> **To do**
Could you write out, exactly as they stand, only the lines in the listing below from the line with "公车上老人怒骂女人,女人掀开衣服后,老人恨不得找个地洞钻进去" to the line with "روکش استیل دندان (ضد زنگ) - دنتال هپی", both ends included, without the pictures?

> **Source information**
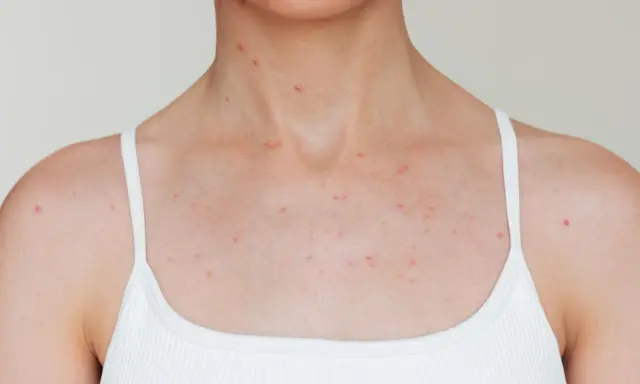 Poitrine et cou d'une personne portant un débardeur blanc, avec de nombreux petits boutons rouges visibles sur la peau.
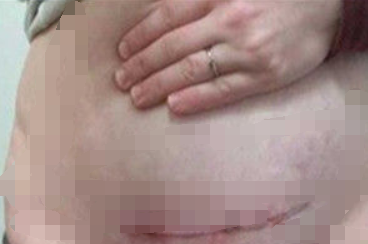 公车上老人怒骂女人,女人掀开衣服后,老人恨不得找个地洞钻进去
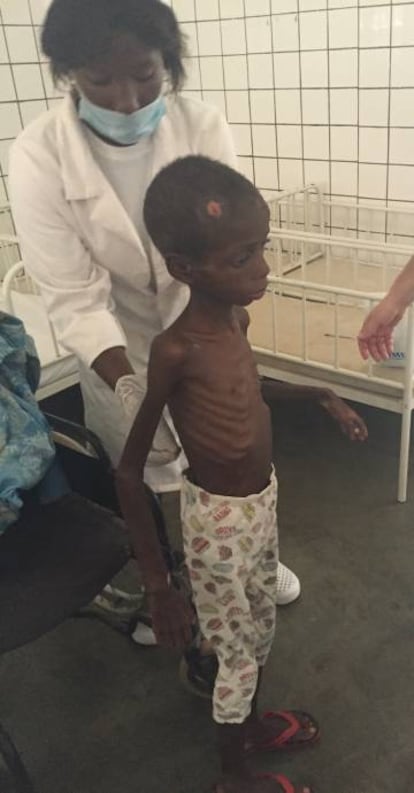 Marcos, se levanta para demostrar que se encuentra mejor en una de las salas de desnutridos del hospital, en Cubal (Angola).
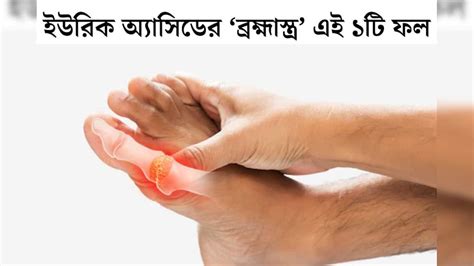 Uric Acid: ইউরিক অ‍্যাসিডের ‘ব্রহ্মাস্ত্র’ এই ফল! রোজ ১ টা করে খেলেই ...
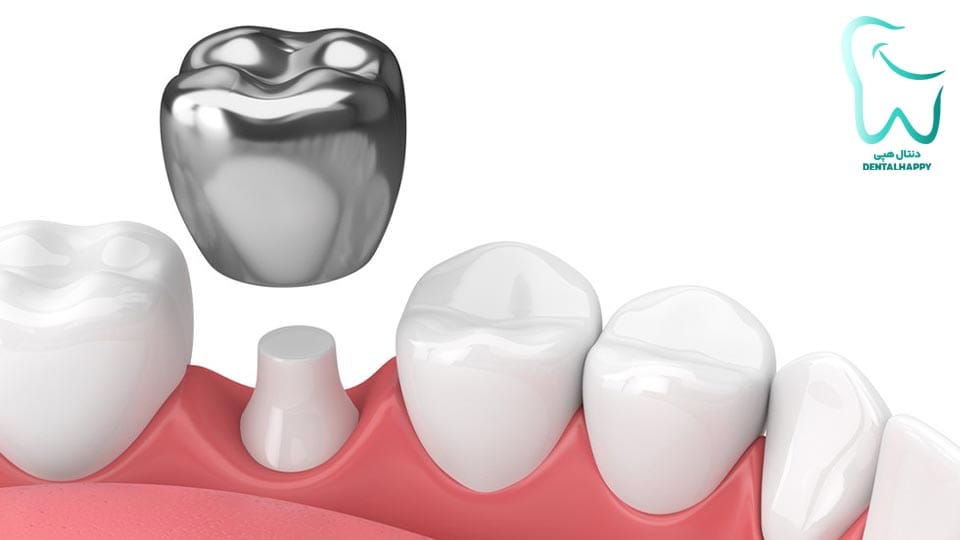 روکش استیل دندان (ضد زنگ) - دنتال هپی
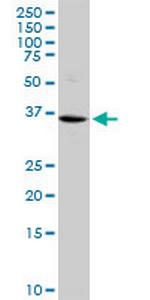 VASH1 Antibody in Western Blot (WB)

> **Solution for this task**
 公车上老人怒骂女人,女人掀开衣服后,老人恨不得找个地洞钻进去
 Marcos, se levanta para demostrar que se encuentra mejor en una de las salas de desnutridos del hospital, en Cubal (Angola).
 Uric Acid: ইউরিক অ‍্যাসিডের ‘ব্রহ্মাস্ত্র’ এই ফল! রোজ ১ টা করে খেলেই ...
 روکش استیل دندان (ضد زنگ) - دنتال هپی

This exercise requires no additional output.